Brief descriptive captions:
=== Begin Enclosure ===
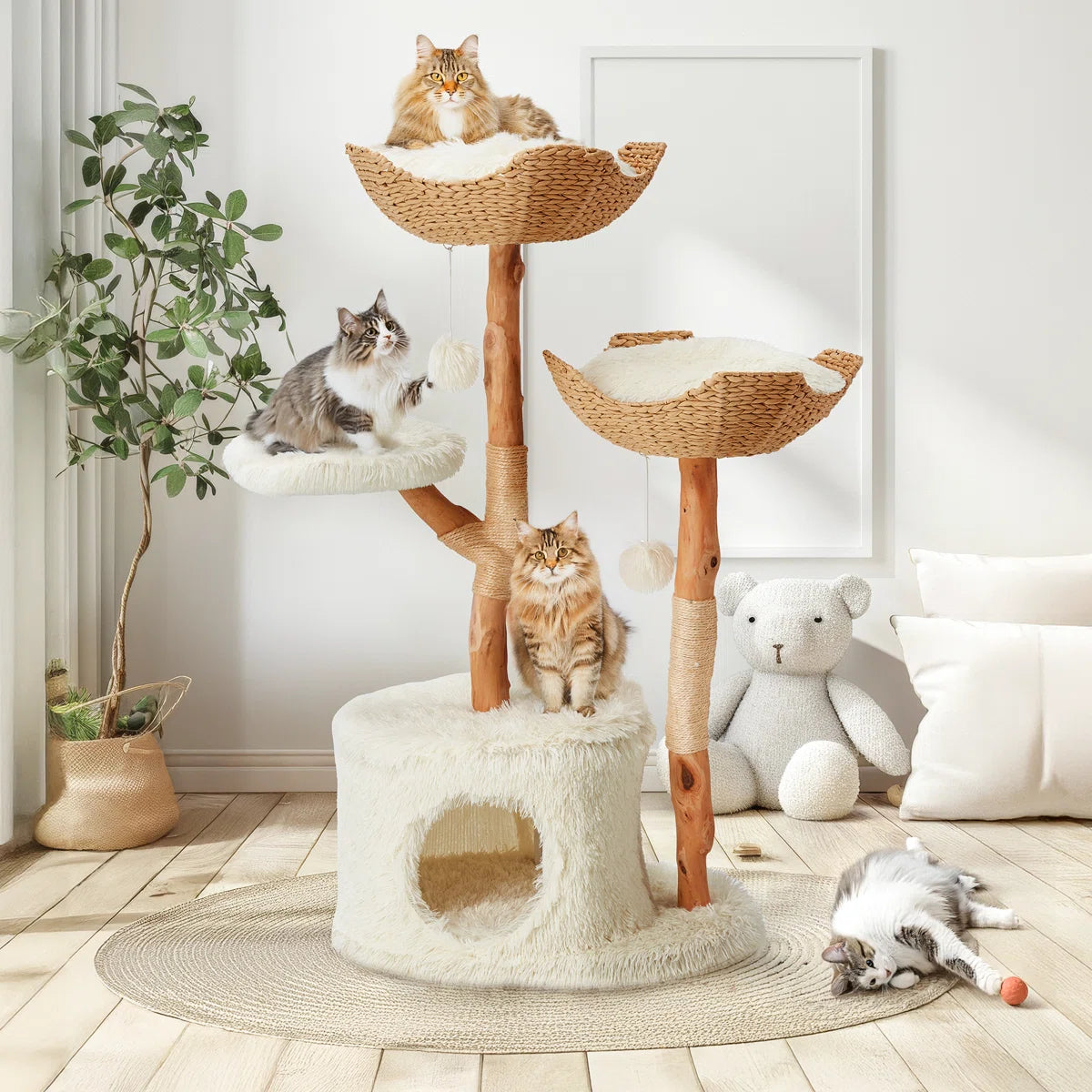 Natural Wood Cat Tower With Hand-woven Baskets And Cat Condo, Tall Cat Tree, White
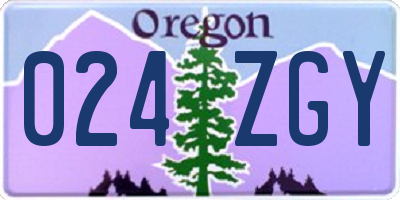 OR license plate 024ZGY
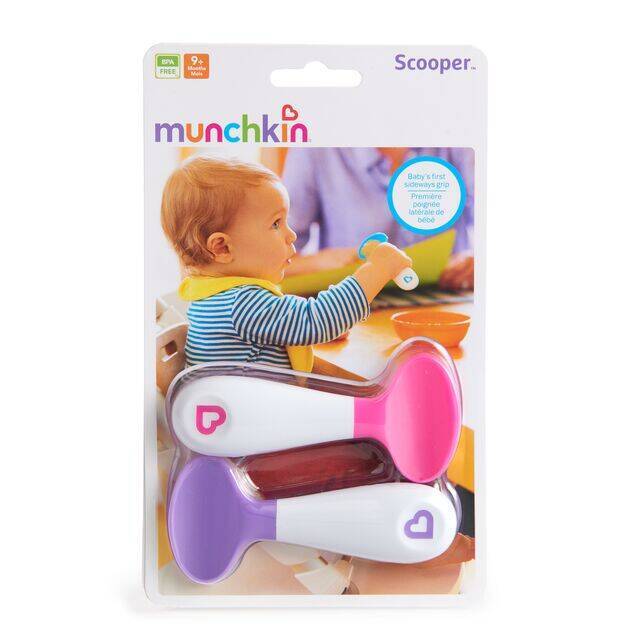 Munchkin Scooper Spoons 2 Pack in blue, green, pink, and purple with ergonomic design for easy feeding.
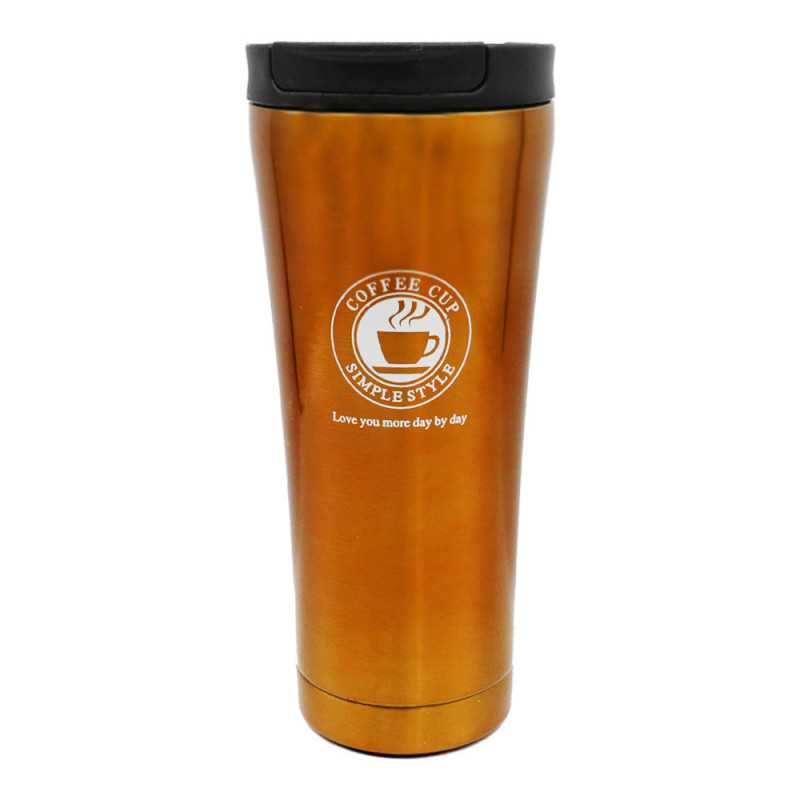 Ποτήρι Θερμός με Καπάκι Ασφαλείας 500ml JB-1713 Χρυσό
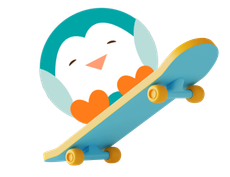 A cartoon penguin with a blue and white body, orange feet, and beak, smiles while skateboarding on a light blue board.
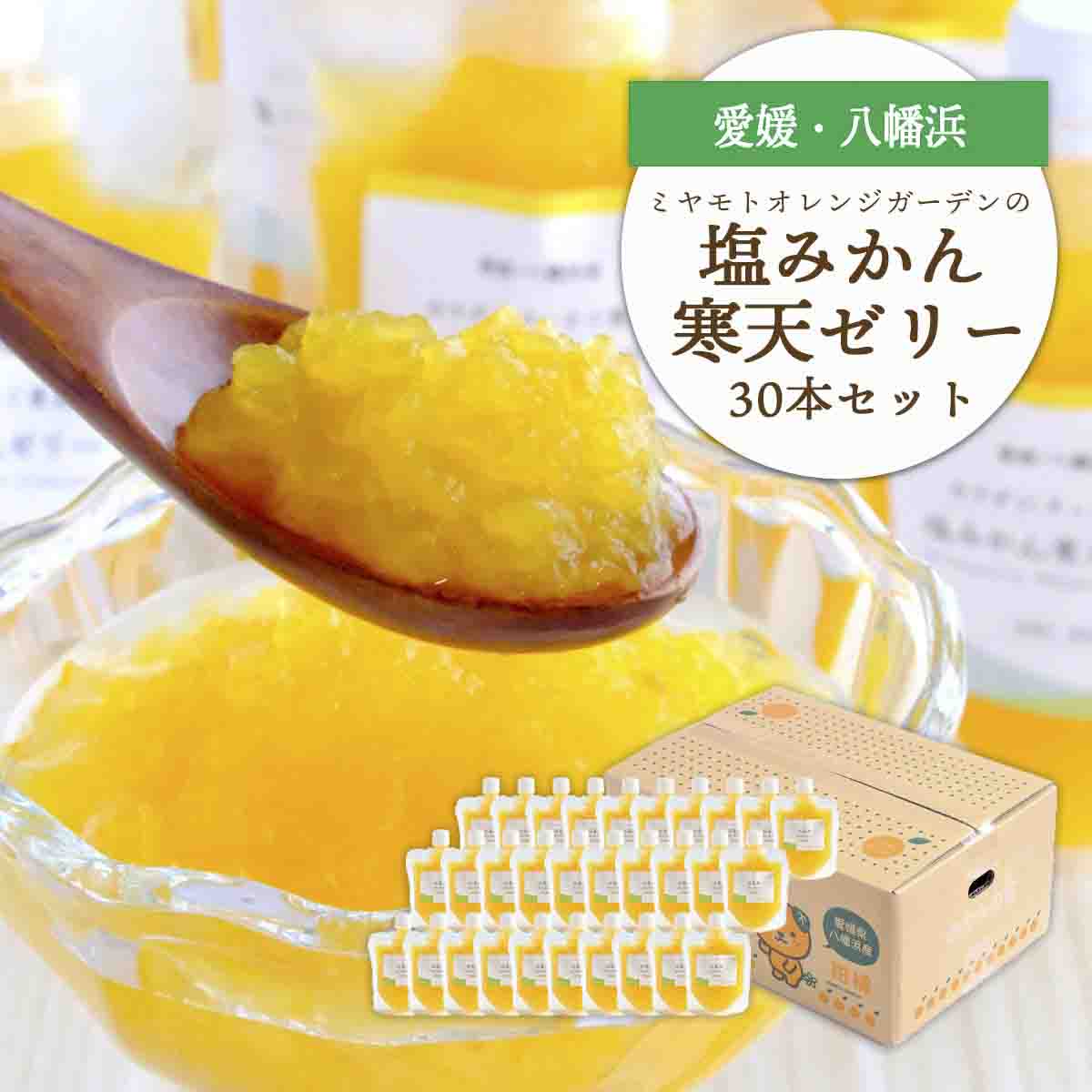 ゲル化剤・pH調整剤不使用!愛媛産 塩みかん寒天ゼリー 30本セット【H25-241】【1630033】 YWTAP182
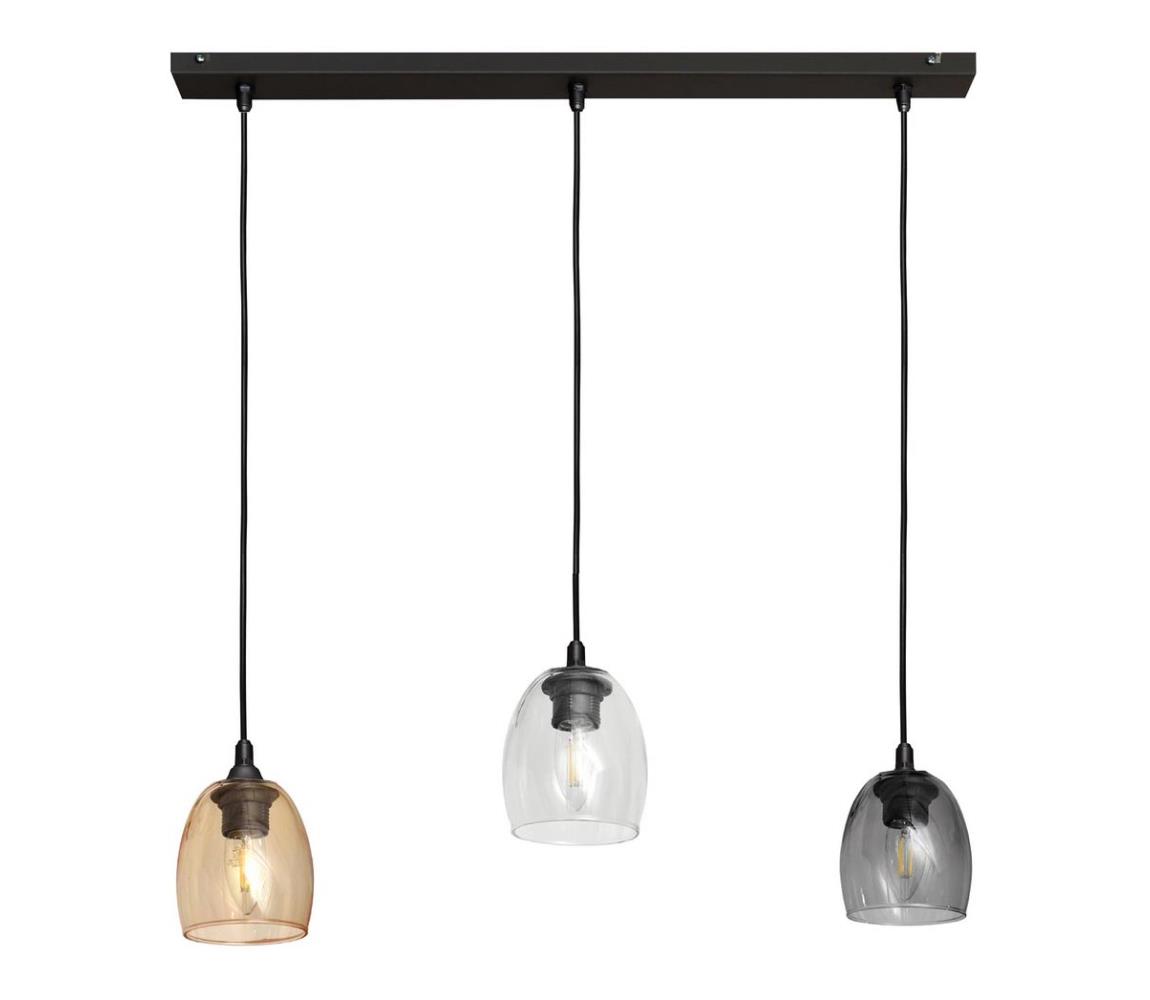 Helam Lustr na lanku BRILLANT 3xE27/60W/230V béžová/čirá/šedá HE1155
=== End Enclosure ===
# Assignment
From the line with "Munchkin Scooper Spoons" to the last line above, restate each line word for word, but skip the pictures.

# Result of this task
 Munchkin Scooper Spoons 2 Pack in blue, green, pink, and purple with ergonomic design for easy feeding.
 Ποτήρι Θερμός με Καπάκι Ασφαλείας 500ml JB-1713 Χρυσό
 A cartoon penguin with a blue and white body, orange feet, and beak, smiles while skateboarding on a light blue board.
 ゲル化剤・pH調整剤不使用!愛媛産 塩みかん寒天ゼリー 30本セット【H25-241】【1630033】 YWTAP182
 Helam Lustr na lanku BRILLANT 3xE27/60W/230V béžová/čirá/šedá HE1155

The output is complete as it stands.